Crawled caption data

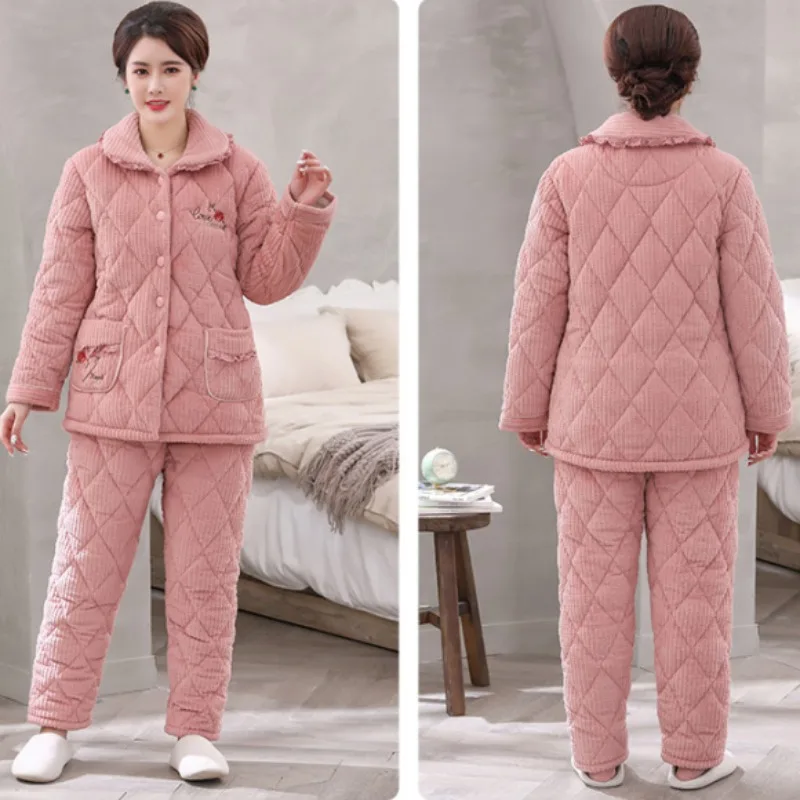 2023 New Pajama Women's Winter Autumn Thickened Fleece Cotton Loungewear Middle-aged Elderly Three-layer Mother's Homewear Set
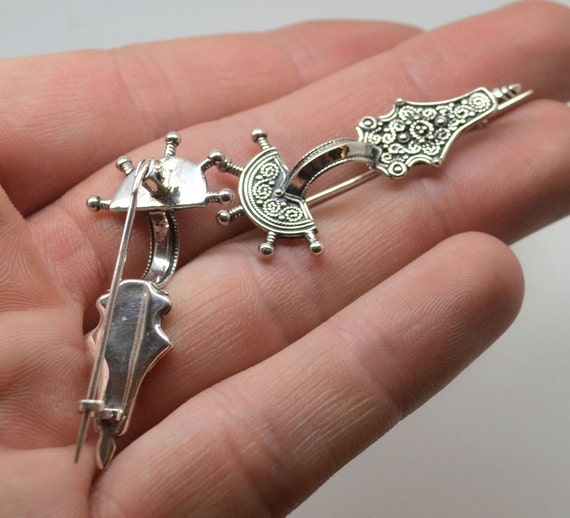 Sterling Silver FIBULA BROOCH with a PIN Archaeology Museum Copy Costume Medieval Middle Ages Pagan Viking German Dark Age Reenactment Sca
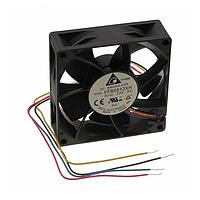 Delta Electronics, Inc. FFB0812XHXHC Tubeaxial Fan, 80x25mm, 12VDC, 92.69CFM, Ball, 4Leads, Auto Restart, Lock Rotor, Tach/PWM
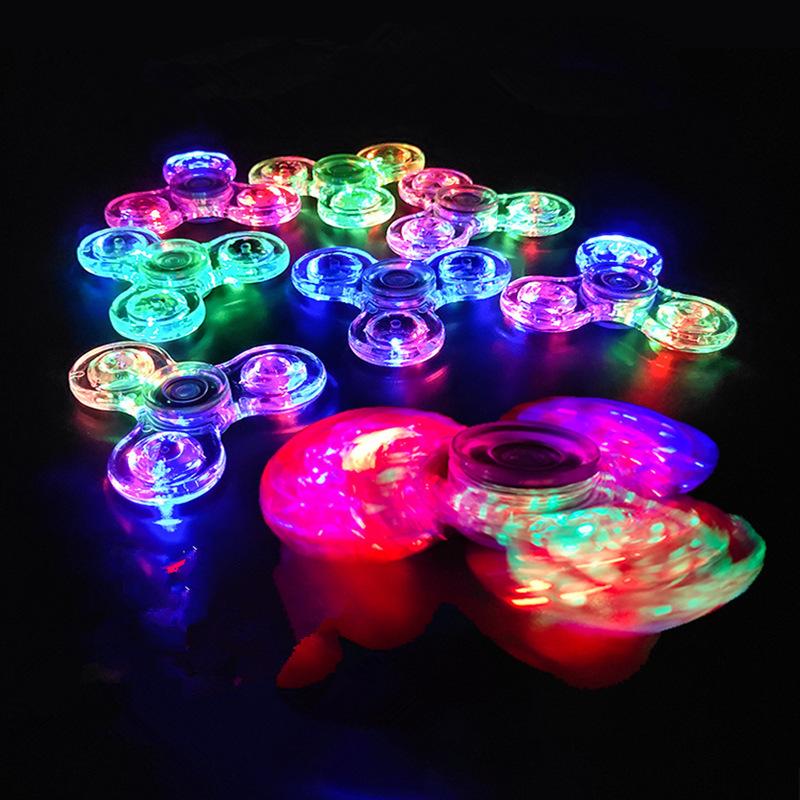 Led Light Up Fidget Spinner - Glow In Dark Hand Spinner, Edc Stress Relief Toy For Adults & Kids, Finger Decompression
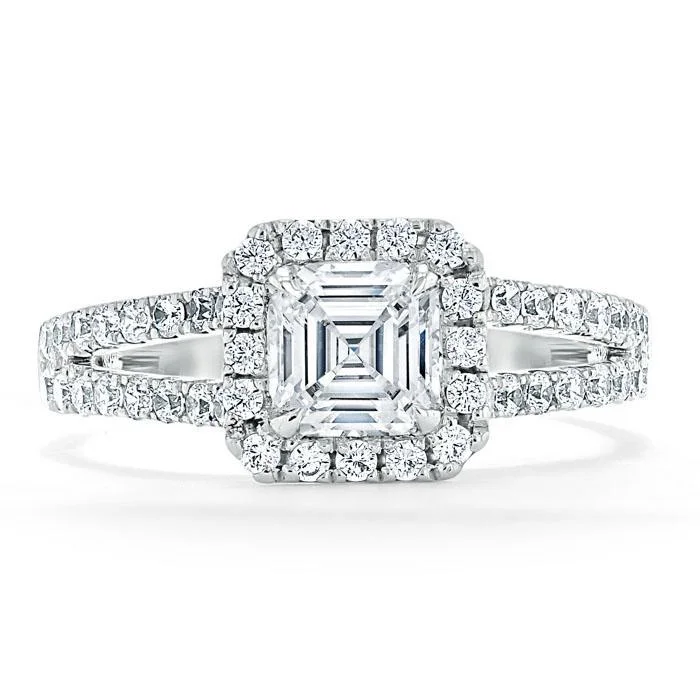 large diamond engagement rings for women -Asscher Cut Moissanite Engagement Ring, Classic Halo with Split Shank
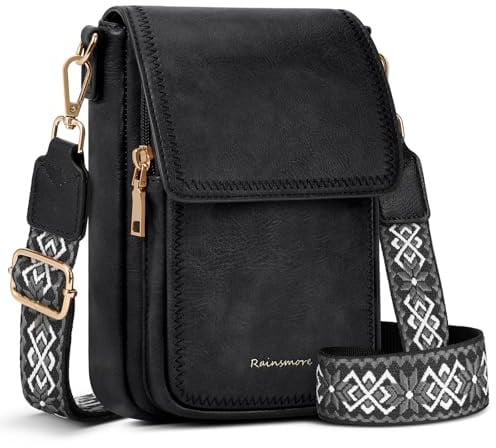 RAINSMORE Handytasche zum Umhängen PU Leder Handy Umhängetasche Damen Klein | Handtasche Schultertasche Crossbody Bag Damen Handytasche mit Geldbörse zum Umhängen, Schwarz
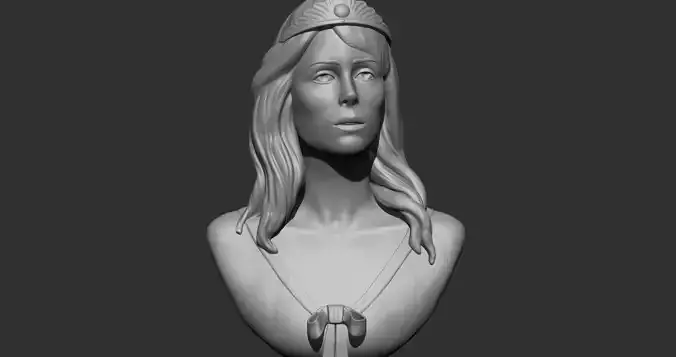 venom bust of woman wearing crown 3D print model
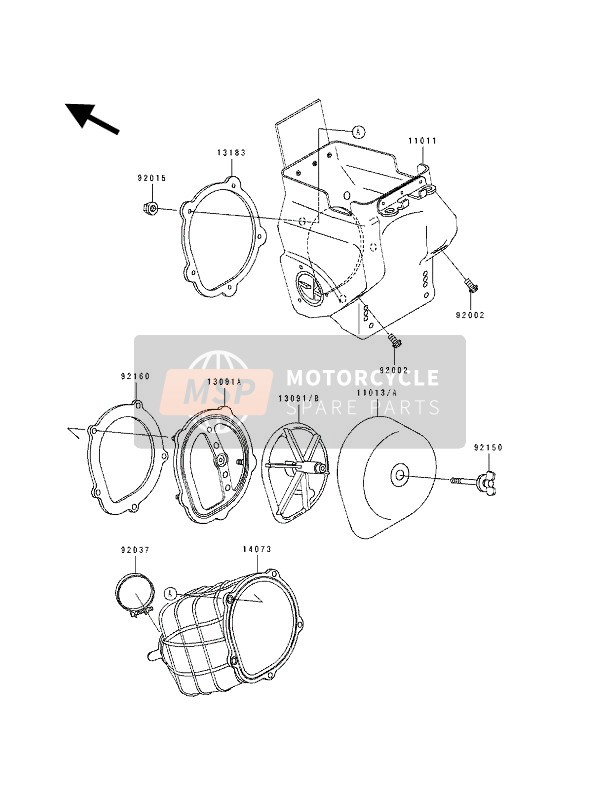 Kawasaki KX125 1990 Filtre à air pour un 1990 Kawasaki KX125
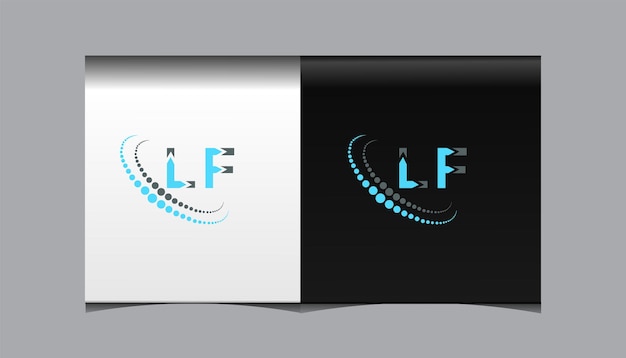 LF 初期のモダンなロゴ デザイン ベクトル アイコン テンプレート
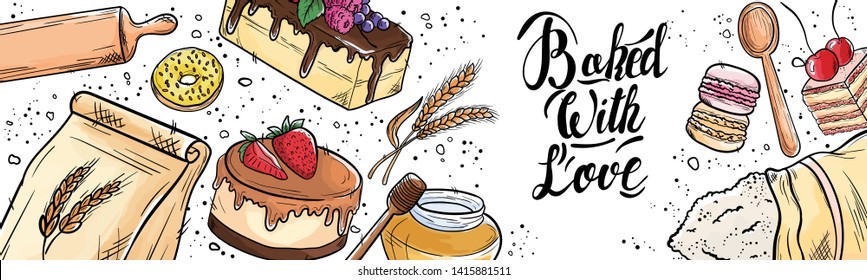 Bread hand drawn set illustration. Vintage watercolor pastry, wheat, flour fresh bread sketches for bakery shop or cafeteria on blackboard. Vector graphic, stylized image set element for menu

◆ Problem statement ◆
Please copy the data above word for word, but only from the line that contains "venom bust of" through the final line, both included, and without the pictures.

◆ Solution for this task ◆
 venom bust of woman wearing crown 3D print model
 Kawasaki KX125 1990 Filtre à air pour un 1990 Kawasaki KX125
 LF 初期のモダンなロゴ デザイン ベクトル アイコン テンプレート
 Bread hand drawn set illustration. Vintage watercolor pastry, wheat, flour fresh bread sketches for bakery shop or cafeteria on blackboard. Vector graphic, stylized image set element for menu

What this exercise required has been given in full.